Records from a data source:

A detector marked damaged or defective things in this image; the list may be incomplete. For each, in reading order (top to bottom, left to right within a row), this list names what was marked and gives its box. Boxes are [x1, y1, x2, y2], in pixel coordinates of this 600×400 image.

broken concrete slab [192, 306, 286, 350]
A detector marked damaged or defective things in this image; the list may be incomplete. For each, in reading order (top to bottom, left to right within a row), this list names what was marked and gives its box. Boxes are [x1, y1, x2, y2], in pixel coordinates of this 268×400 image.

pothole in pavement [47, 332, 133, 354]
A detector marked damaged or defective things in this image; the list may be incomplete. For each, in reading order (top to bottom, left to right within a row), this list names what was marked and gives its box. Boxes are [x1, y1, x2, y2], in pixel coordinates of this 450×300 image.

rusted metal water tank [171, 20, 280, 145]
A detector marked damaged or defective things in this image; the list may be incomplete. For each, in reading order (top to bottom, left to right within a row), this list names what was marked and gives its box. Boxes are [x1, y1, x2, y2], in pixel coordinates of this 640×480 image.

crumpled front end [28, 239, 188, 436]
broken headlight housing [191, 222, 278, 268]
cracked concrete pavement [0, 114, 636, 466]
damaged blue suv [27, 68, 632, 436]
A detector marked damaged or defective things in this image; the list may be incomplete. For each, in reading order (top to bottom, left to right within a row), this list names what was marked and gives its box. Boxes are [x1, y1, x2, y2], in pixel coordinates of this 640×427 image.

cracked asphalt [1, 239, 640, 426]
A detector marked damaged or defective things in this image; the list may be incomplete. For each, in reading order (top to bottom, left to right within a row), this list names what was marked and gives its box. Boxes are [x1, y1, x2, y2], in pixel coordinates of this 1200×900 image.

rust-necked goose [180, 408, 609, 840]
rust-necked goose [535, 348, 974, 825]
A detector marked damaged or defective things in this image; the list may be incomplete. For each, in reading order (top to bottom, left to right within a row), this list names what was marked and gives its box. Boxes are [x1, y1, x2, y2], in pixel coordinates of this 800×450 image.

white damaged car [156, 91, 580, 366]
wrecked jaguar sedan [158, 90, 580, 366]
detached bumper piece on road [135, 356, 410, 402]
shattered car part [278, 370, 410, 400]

What to work on:
Restate exactly the lines running from the line with "this 640×427 image." to the end of the entries above, both ends included.

Task answer:
A detector marked damaged or defective things in this image; the list may be incomplete. For each, in reading order (top to bottom, left to right within a row), this list names what was marked and gives its box. Boxes are [x1, y1, x2, y2], in pixel coordinates of this 640×427 image.

cracked asphalt [1, 239, 640, 426]
A detector marked damaged or defective things in this image; the list may be incomplete. For each, in reading order (top to bottom, left to right within a row), this list names what was marked and gives its box. Boxes are [x1, y1, x2, y2], in pixel coordinates of this 1200×900 image.

rust-necked goose [180, 408, 609, 840]
rust-necked goose [535, 348, 974, 825]
A detector marked damaged or defective things in this image; the list may be incomplete. For each, in reading order (top to bottom, left to right within a row), this list names what was marked and gives its box. Boxes are [x1, y1, x2, y2], in pixel coordinates of this 800×450 image.

white damaged car [156, 91, 580, 366]
wrecked jaguar sedan [158, 90, 580, 366]
detached bumper piece on road [135, 356, 410, 402]
shattered car part [278, 370, 410, 400]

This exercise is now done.